My initial impressions firmly set, I began to explore the rest of the R20 Javelot Rechargeable. A good solid light made of aircraft grade aluminum, and coated with Type II hardened anodizing, it has a comfortable feel in the hand.

As stated, the light is recharged in a similar fashion to its peers via a micro-USB cable. In the case of the R20 Javelot Rechargeable, the charging portal is found under a collar near the top of the light. This collar has gaskets and screws securely in place, and provides a great seal against the elements, and probably momentary submersion. Okay, I’m SURE it provides a good seal against momentary submersion, since I accidentally fumbled and dropped mine while I was taking it out of my pocket, and it splashed down into a puddle. Again, that’s yet another reason you should always use your lanyard. After about 2 hours, the 18650 battery was fully charged, and I took it out into the back yard for my unofficial testing.

The R20 Javelot Rechargeable has the activation button on the rear of the light, like many of its competitors. This medium sized flashlight, at approximately 5 ¼ inches long by 1 ¼ inches in diameter, packs a whole lot of power in that size. The Cree XP-L Hi LED single light has three settings the user can cycle through. The highest setting is the first one that is enabled upon pressing the power button, and is designed to put out 900 lumens for 2 ½ hours of operation. The medium and low setting produce 100 lumens / 11 hours and 10 lumens / 100 hours respectively.
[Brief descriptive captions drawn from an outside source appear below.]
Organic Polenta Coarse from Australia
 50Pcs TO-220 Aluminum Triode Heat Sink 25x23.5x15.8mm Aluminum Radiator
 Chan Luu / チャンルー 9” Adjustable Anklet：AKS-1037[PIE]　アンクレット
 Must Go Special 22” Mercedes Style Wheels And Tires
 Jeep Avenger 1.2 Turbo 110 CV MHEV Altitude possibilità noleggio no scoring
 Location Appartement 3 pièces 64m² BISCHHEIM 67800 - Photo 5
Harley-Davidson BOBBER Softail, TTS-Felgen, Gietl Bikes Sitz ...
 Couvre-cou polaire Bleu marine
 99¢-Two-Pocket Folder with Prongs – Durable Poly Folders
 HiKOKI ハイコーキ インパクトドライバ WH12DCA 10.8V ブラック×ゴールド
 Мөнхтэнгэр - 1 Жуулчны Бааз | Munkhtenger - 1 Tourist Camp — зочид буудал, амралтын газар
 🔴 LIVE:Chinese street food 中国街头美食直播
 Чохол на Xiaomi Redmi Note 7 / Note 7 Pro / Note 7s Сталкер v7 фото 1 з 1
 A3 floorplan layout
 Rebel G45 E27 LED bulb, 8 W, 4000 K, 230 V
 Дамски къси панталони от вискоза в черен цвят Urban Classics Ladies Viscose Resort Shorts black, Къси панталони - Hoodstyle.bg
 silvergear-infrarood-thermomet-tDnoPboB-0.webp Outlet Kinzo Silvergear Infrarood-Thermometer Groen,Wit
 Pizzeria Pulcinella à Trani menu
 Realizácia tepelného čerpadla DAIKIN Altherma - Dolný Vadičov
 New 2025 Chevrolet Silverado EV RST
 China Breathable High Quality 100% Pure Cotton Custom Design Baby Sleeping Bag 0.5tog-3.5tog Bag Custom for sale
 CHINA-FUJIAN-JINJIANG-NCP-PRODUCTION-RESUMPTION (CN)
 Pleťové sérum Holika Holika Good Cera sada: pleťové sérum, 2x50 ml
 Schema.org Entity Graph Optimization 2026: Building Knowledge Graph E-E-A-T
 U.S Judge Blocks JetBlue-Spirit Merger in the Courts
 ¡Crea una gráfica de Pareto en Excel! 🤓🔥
As I’ve said before, statistics don’t mean much to me, but real world usage does. I took the R20 Javelot Rechargeable into my back yard and cast the light to try to read a ‘5’ I had printed on 8 ½ x 11 paper, at about 100 yards. The number was visible at that distance, no problem. The LED generated beam was concise and didn’t’ scatter over the distance, but it was about at the maximum for the light. There were a few detractors with the lighting configuration and set up. As with its ‘big brother’ the SRMINI Intimidator II, there was no ‘moonlight’ setting. This setting is designed to produce a very subtle light, good enough to walk by, and greatly enhances the battery life. Also, there is no memory function to the R20 Javelot Rechargeable, so the user is forced to cycle through from High, Medium, to Low. This can be annoying, especially if you have night adjusted eyes and have to deal with the sudden glare of the initial setting. Finally, there is no strobe feature to the light. This is not marketed as a ‘tactical’ flashlight, and I don’t really consider this a significant issue, but I felt it should be pointed out.

Those points covered, I really enjoyed using this light during my tinkering around the place, and while camping. In my shop and poking around the darkened places in our house and garage, it worked perfectly. I had no problem with colors washing out, and the less intense settings made return glare easy to manage. I particularly liked the size. It wasn’t too long or bulky, and not so small that I felt I would drop it and never find it again. We also took this light with us on our annual family camping adventure, and it got a lot of use tromping around the woods and fields. The lack of a moonlight setting did produce some after images after shutting it down, but the large 18650 battery held its charge for an entire week, with juice to spare.

Overall, I’m very pleased with the performance and features of the R20 Javelot Rechargeable. A good tight beam and long life make for a very reliable workhorse of a light, and one that will perform again and again with less recharging time than others of its size.